Дом-музей К.С.Станиславского и недавно открытая после реконструкции Музей-квартира Вл.И.Немировича-Данченко — не просто музеи, не просто жилища великих. В них царит дух театра — здесь проходили репетиции, рождались идеи, разрабатывались постановки. В общем, работа не прекращалась ни на минуту. Отцы-основатели Художественного театра были не из тех, кто оставляет работу за порогом дома. Фотограф Егор Заика, вооружившись своим главным оружием — камерой, исследует театр как особую форму памяти через призму домов великих режиссеров. Театр-то с вешалки только начинается, но заканчивается ли он? Ответ очевиден.
Выставка — результат «интервенции» фотографа в музеи в разное время суток. То утренний свет нужен, то закатный… По воспоминаниям самого Егора Заики, именно на «поимку нужного момента в кадре ушло больше всего времени»: «Я ловил «золотой час» и луч, который опустится на любимую кружку Константина Станиславского или на его любимое кресло, — делится автор. — Через вещи, интерьеры я хотел рассказать не столько о самих вещах, сколько о людях, которые жили и творили в этих местах, формируя Московский художественный театр».
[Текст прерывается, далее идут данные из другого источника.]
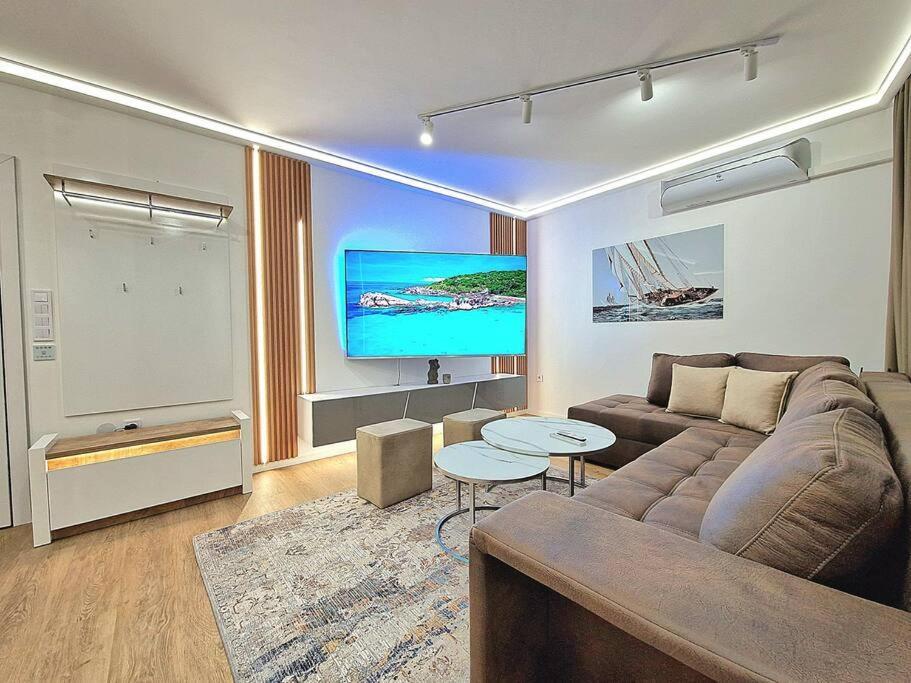 Luxury Apartment. 75 Inches Tv Varna Esterno foto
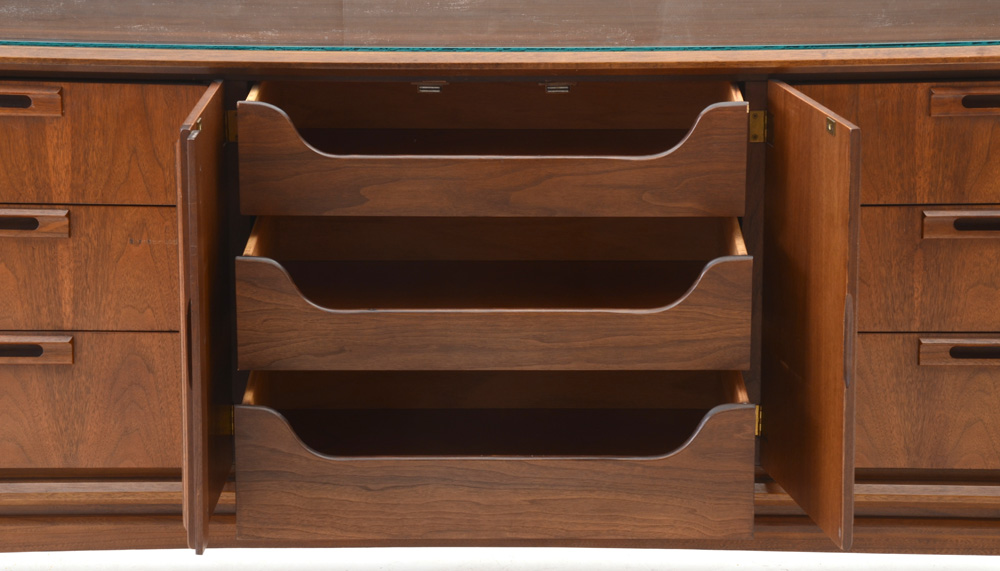 Mid Century Modern Chest of Drawers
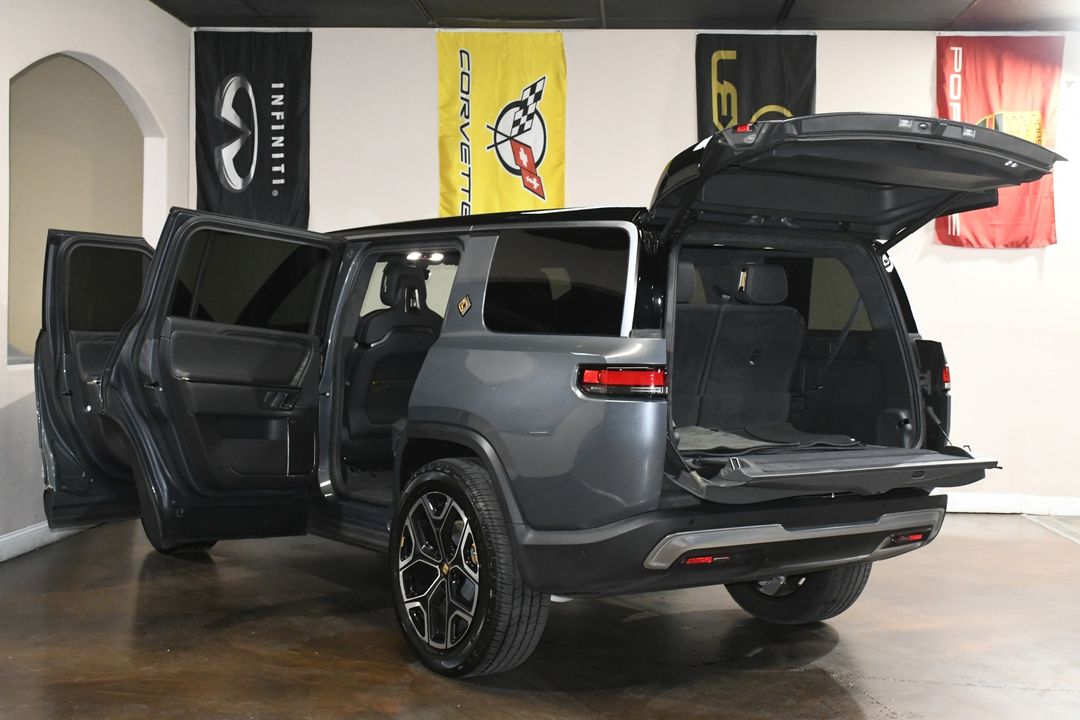 2022 Rivian R1S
Идея выставки — фантазия о том, как бы легендарные владельцы двух домов видели свое жилище… Вот спальня Константина Сергеевича, освещенная явно утренним солнцем, — представляем, как режиссер проснулся, аккуратно застелил постель, привел себя в порядок и, прежде чем уйти в театр, оглянулся на свою уютную комнатку… Кстати, на многих фотоработах Заики из Дома Станиславского присутствует и сам Великий — на портретах и бюстах, которые сейчас украшают стены музея, с одной стороны, а с другой стороны, напоминают, что режиссер здесь жил, живет и будет жить и вечно наблюдать за нами. Взгляд Константина Сергеевича с фотографий замечаешь не сразу, но точно ощущаешь, что за тобой кто-то пристально, внимательно следит…
Спальня Немировича-Данченко показана иначе: если представить, что объектив — глаза режиссера, то мы видим, как он проснулся, сел на край кровати, и первая, о ком он думает, — супруга, чей бюст висит над изголовьем его кровати. Екатерина Николаевна ушла из жизни раньше мужа, и Владимир Иванович после ее смерти заказал скульптору Ивану Шадру не только надгробие для нее, но и гипсовую копию, которую разместил в спальне.
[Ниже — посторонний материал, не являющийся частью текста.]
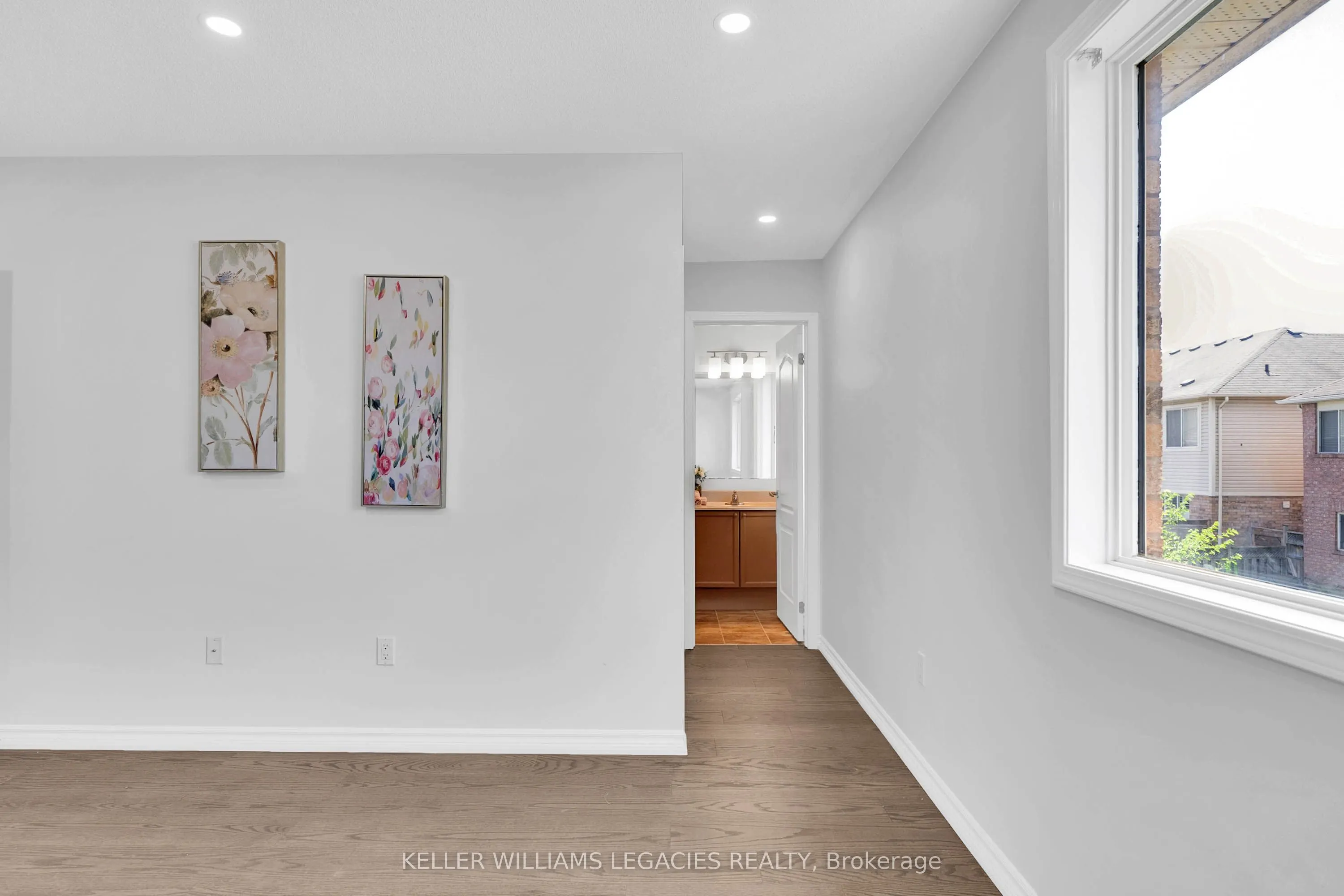 656 Thompson Road S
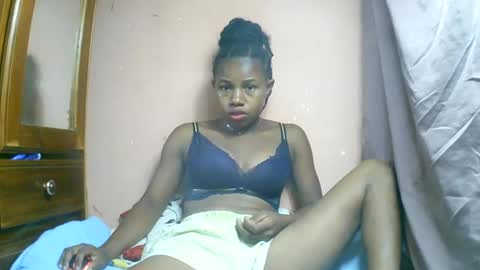 Snapshot of franciefrancie chatting on 03.03.25 francilla online show from 03.03.25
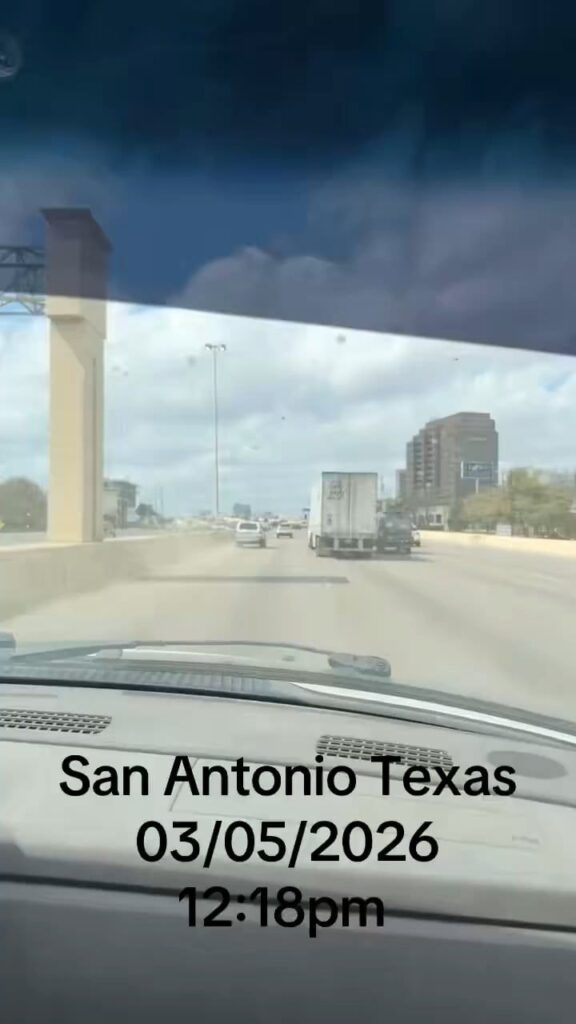 車内から見たサンアントニオの高速道路風景
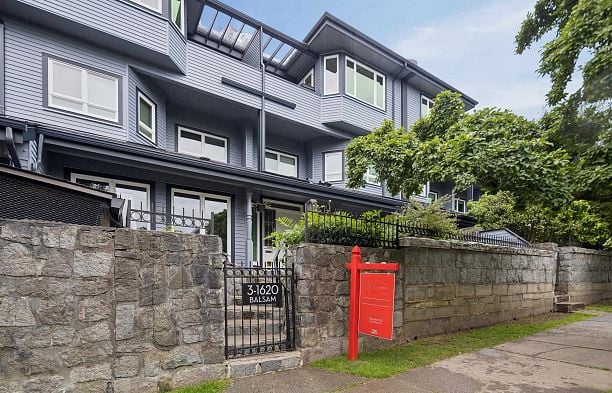 3 1620 Balsam Street Kitsilano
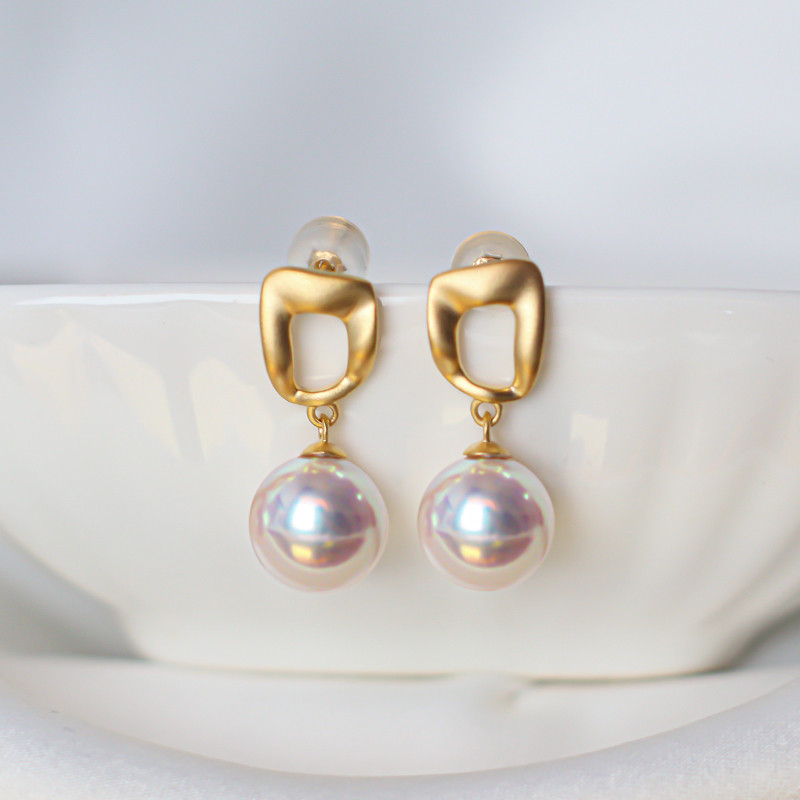 【La Corser】日本製 7-9.5mm アコヤ天然海水真珠ピアス 18Kゴールド ラウンド型 明るい光 女性 OL気質ピア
Фотограф показывает нам предметы с неожиданных ракурсов, с которых нам, посетителям музеев, вряд ли придет в голову взглянуть. И тут снова разыгрывается фантазия: «А что, если бы я был Станиславским?..» Кресло, например, художник снимает снизу, а в воображении картинка: продуктивное утро режиссера, он, держа в руках сценарий будущей постановки, ходит по комнате, делает пометы, как вдруг карандаш выпадает из рук. Константин Сергеевич нагибается, чтобы поднять, и замечает: а креслице-то не новое, потерлось… Эх! Ну и что, зато удобное и любимое…
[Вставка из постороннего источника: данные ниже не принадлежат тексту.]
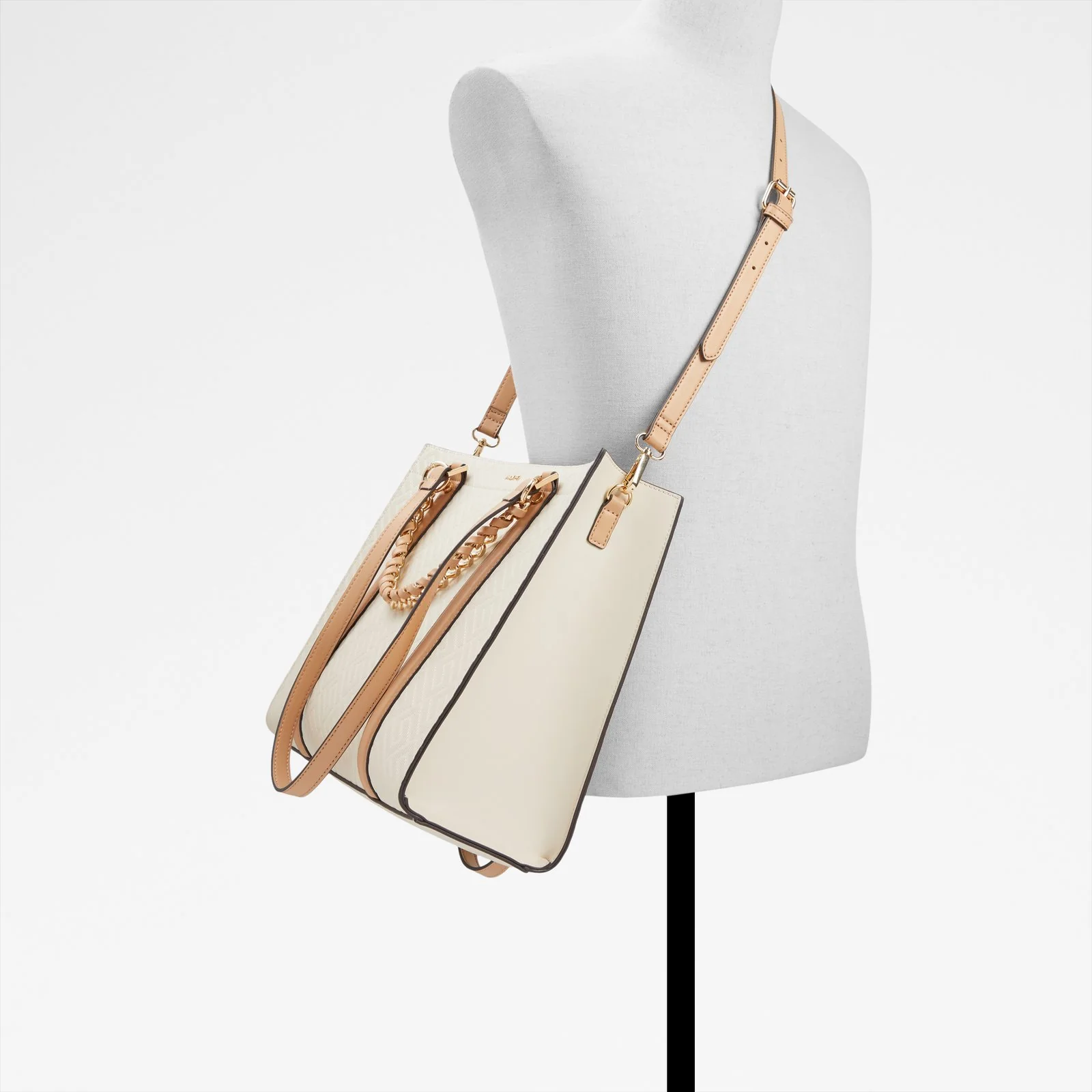 Ameli - Image 6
Мелкие и на первый взгляд малозначительные предметы становятся крупными, яркими и выразительными. Например, фигурка богини Деметры, возле которой на контрасте — забавная игрушка-собачка ручной работы, с любовью сшитая супругой Владимира Ивановича Немировича-Данченко. И фигура режиссера воспринимается совсем иначе: он не только Великий театральный деятель, чье имя принято произносить с благоговением, но и любящий муж, который бережно хранит все, что связано с горячо любимой им супругой. Так, в объективе фотографа сошлось все — от рабоче-деловых моментов — письменный стол Немировича-Данченко, элегантный интерьер Онегинского зала в доме Станиславского, — до теплых домашних деталей.